Но лабрадор лишь сказала себе на бегу:

– Какая еще «Лорел»? Что, старой карге неизвестно разве мое имя: «Гроззкел шнарр Снаммаварур Снаммс»?

Собака промчалась по тропе вдоль участков застройки, прошлепала через небольшой ручей, впадавший в приток Изиды, и начала долгий, извилистый подъем на Моулси.

– Наконец‑то: свобода!

Добравшись до зеленой вершины, Гроззкел совсем задохнулась. «Кормят этой гадостью для собак – и вот результат», – сказала она себе. Передохнула, повалявшись в высокой траве, поглядела, как спускается тьма на мир и месяц восстает над ним – лукаво, исподтишка.

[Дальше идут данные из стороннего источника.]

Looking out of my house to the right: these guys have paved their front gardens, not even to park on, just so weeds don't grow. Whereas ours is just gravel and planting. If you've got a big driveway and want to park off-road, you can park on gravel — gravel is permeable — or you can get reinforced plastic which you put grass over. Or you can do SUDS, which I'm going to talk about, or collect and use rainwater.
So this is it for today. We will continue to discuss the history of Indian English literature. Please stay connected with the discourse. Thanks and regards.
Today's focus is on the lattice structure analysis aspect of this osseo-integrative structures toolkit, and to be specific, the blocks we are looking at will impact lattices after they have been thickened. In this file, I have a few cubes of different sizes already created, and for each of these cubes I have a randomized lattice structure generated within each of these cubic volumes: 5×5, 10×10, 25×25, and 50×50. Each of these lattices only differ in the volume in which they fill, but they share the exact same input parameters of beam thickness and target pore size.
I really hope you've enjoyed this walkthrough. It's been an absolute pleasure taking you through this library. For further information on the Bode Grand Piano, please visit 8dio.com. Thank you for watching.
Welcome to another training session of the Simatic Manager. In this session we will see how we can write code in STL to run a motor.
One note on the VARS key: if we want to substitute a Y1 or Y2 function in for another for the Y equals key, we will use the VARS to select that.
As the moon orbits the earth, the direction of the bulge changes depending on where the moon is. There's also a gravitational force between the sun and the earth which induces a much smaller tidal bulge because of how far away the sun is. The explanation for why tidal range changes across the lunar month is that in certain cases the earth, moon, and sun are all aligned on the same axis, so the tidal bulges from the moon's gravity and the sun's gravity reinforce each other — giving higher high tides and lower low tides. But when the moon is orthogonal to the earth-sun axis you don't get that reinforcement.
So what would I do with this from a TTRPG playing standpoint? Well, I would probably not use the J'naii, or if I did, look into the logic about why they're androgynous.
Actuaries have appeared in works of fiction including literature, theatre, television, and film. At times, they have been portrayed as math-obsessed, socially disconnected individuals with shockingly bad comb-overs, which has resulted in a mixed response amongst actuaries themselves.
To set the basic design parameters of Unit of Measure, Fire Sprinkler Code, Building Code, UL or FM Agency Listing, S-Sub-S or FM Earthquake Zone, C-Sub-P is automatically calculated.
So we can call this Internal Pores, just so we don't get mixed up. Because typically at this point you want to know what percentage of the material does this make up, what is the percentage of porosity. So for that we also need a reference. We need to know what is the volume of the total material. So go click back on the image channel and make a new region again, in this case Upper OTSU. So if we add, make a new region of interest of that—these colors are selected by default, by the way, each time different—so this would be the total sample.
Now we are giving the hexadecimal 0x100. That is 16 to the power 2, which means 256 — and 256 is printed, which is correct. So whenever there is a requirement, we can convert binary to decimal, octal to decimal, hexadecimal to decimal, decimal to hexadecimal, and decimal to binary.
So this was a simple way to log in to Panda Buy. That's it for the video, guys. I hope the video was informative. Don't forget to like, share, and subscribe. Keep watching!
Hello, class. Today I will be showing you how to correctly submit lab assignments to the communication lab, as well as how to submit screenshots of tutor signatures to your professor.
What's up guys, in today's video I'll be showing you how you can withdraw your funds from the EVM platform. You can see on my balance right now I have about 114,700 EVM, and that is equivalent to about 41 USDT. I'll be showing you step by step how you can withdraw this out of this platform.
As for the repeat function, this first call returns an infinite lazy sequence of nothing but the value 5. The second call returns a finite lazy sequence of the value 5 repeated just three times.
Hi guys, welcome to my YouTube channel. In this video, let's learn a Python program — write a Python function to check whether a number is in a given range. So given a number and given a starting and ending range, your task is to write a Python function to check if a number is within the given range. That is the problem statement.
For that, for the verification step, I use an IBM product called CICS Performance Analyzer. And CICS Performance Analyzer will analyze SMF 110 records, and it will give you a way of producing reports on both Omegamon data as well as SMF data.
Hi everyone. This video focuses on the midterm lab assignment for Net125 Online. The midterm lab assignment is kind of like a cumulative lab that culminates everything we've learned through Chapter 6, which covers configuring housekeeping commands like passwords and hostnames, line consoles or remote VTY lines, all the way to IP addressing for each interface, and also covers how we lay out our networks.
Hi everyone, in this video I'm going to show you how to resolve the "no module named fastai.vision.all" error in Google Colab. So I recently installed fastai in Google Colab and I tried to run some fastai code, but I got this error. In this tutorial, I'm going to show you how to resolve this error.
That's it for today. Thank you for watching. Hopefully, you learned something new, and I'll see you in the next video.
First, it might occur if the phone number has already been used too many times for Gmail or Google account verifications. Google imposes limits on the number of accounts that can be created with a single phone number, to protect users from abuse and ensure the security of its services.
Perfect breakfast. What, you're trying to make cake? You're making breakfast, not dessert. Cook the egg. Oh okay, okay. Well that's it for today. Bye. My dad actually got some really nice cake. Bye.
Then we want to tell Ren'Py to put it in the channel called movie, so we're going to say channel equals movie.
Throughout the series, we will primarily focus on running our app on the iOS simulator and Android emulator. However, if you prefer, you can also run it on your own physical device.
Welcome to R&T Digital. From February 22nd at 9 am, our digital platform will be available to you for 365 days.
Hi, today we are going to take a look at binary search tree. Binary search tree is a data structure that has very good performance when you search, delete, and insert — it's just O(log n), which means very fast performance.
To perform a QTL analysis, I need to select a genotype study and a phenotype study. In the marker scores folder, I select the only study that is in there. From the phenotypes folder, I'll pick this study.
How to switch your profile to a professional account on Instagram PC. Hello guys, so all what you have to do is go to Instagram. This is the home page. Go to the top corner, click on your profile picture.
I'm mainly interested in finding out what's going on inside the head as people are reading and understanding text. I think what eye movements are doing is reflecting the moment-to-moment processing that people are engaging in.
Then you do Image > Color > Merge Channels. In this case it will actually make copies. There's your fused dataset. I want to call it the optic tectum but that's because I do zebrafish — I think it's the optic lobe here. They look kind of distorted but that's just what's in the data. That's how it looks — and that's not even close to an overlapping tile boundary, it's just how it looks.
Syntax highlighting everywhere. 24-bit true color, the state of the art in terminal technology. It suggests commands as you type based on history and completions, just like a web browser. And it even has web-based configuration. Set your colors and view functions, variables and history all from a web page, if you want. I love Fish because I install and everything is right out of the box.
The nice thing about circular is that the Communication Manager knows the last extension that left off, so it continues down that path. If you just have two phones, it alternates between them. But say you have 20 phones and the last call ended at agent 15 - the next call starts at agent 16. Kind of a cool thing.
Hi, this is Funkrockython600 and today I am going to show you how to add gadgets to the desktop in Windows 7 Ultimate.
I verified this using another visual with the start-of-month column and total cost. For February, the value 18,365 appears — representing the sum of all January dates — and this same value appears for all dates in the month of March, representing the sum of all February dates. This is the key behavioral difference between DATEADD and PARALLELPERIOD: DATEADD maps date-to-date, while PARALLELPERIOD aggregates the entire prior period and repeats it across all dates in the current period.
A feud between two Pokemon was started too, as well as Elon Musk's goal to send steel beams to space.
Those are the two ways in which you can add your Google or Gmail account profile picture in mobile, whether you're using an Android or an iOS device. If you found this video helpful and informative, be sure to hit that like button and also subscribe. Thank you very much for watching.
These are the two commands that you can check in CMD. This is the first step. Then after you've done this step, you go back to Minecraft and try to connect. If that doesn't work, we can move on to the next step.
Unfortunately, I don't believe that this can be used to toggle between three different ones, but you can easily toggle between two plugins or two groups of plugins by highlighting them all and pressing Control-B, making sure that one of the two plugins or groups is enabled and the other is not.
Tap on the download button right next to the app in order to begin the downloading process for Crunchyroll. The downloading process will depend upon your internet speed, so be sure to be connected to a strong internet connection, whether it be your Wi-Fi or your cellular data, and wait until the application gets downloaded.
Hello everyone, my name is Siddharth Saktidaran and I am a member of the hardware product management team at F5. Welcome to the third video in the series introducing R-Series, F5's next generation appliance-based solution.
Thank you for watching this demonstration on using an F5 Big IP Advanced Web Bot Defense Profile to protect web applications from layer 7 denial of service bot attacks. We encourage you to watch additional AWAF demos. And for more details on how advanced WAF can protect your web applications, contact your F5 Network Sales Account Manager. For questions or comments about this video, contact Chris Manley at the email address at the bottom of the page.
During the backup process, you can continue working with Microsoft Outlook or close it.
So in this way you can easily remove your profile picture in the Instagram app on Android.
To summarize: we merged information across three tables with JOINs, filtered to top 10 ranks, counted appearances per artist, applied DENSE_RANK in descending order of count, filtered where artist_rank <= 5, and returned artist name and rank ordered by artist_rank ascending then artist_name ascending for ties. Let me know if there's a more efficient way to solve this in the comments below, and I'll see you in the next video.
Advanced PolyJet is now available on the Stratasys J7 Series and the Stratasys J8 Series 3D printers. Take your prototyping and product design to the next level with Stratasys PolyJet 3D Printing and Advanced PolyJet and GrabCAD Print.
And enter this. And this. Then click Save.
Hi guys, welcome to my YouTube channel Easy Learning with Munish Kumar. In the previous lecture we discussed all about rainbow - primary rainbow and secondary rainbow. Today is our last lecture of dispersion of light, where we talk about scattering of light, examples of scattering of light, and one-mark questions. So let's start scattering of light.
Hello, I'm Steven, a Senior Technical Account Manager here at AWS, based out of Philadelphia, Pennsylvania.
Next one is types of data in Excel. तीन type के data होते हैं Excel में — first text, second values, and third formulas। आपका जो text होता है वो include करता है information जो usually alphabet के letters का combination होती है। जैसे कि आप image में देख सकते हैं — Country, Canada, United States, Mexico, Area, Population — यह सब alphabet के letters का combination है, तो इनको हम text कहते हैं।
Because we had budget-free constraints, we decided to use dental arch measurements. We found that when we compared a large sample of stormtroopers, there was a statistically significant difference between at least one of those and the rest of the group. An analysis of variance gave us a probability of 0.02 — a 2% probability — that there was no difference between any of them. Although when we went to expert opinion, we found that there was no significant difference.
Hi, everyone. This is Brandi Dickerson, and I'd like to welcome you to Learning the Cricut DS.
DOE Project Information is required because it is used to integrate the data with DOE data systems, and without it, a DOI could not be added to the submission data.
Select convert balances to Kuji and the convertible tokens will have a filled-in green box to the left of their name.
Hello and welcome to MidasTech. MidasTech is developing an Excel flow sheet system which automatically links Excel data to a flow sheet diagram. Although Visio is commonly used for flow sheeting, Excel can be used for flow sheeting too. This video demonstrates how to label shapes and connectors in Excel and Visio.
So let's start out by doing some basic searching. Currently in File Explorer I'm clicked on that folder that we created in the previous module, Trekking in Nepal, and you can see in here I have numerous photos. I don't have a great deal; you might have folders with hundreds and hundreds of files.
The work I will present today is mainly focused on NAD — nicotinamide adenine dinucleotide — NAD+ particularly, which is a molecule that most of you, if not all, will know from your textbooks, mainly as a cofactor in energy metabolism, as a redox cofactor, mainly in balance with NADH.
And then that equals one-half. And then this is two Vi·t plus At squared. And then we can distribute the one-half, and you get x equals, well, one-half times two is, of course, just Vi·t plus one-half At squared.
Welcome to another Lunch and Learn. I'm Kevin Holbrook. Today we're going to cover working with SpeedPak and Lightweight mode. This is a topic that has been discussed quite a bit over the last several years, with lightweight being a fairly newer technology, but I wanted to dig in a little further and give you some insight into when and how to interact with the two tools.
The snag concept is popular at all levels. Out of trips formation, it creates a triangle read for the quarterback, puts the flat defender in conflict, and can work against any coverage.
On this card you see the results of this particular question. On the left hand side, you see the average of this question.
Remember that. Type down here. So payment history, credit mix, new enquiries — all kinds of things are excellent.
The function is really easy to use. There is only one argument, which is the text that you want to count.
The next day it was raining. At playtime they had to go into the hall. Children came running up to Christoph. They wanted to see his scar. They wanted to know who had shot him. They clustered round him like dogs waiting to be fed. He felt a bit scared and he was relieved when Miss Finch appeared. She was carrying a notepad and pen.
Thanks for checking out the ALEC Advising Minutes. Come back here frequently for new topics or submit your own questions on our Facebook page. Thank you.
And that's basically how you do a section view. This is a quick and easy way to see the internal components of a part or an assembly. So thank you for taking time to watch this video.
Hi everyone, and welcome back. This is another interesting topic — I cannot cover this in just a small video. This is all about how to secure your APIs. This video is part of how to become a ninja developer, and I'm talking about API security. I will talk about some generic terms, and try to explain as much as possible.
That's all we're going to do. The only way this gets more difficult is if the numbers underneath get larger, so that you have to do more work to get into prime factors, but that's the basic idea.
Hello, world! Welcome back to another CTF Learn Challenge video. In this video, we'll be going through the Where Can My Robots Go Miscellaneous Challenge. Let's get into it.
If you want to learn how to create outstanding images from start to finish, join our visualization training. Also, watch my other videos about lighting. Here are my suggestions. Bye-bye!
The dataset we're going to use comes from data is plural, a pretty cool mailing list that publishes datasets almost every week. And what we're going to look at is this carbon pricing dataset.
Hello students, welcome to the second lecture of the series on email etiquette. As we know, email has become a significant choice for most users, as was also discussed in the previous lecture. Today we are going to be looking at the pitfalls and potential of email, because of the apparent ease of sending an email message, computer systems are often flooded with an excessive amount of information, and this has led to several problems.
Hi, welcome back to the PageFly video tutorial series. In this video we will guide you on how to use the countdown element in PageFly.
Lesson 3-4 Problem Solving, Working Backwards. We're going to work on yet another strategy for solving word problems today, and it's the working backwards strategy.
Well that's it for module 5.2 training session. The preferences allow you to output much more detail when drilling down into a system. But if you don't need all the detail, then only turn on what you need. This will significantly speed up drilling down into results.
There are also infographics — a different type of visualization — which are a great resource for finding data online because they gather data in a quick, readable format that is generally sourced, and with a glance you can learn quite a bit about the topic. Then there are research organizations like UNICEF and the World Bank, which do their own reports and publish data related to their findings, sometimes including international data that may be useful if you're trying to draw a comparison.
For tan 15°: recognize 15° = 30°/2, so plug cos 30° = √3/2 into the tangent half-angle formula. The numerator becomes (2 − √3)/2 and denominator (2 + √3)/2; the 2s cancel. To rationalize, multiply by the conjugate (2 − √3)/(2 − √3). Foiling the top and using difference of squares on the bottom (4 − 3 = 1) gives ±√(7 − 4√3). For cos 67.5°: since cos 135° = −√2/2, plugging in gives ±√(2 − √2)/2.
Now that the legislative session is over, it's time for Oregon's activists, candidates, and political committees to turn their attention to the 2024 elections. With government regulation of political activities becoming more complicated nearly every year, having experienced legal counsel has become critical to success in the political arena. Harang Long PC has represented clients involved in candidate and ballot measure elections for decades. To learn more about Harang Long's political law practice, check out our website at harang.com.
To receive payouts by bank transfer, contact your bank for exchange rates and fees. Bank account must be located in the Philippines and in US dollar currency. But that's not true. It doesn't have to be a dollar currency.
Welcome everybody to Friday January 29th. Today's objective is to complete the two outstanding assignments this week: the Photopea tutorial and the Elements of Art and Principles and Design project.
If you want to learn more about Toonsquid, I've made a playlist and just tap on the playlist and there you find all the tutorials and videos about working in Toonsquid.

Гроззкел села, устремила морду к месяцу и завыла. Она точно знала, какой тон взять, чтобы у ее блох засвербило в челюстях и затряслись поджилки. Она более не нуждалась в таком хобби. Блохи же, не в силах вынести подобный диссонанс, пачками эмигрировали из прежнего дома, пытаясь выжить на растениях или нападая на пробегавшего ежа… Многие умерли с голода – вечная и повсеместная судьба иммигрантов.

Избавившись от пассажиров, Гроззкел шнарр Снаммавар ур Снаммс сменила тон. Ее грудной глубинный, призыв не раз отозвался эхом меж каменных груд на склоне.

Скоро, совсем скоро она услышала ответный крик, будто ветер крепчал. Все громче, ближе, свирепее. Осока гнулась под его напором.

Гроззкел рванулась ему навстречу.

Из мрака аспидного оно вырвалось наружу – цвет, чудо, легенда, свора диких псов, призрачный гон, охотничья травля. Вот псы окружили новенькую, скаля зубы, покусывая ее, рыча. Она кусалась в ответ, и вожак своры взвизгнул от боли.

Она омочила землю. Они обнюхали мокрое, они приняли ее.

И вновь сорвались с места, вечно в погоне, вечно преследуя жертв своих. Когда‑то, много поколений назад, они вкусили плоть человечью. Они жаждали ее снова – и не только ее. Им попалась лиса, и они тут же разорвали ее на клочки, прямо на бегу – все бежали, бежали, бежали, и глаза их горели, и сверкали зубы.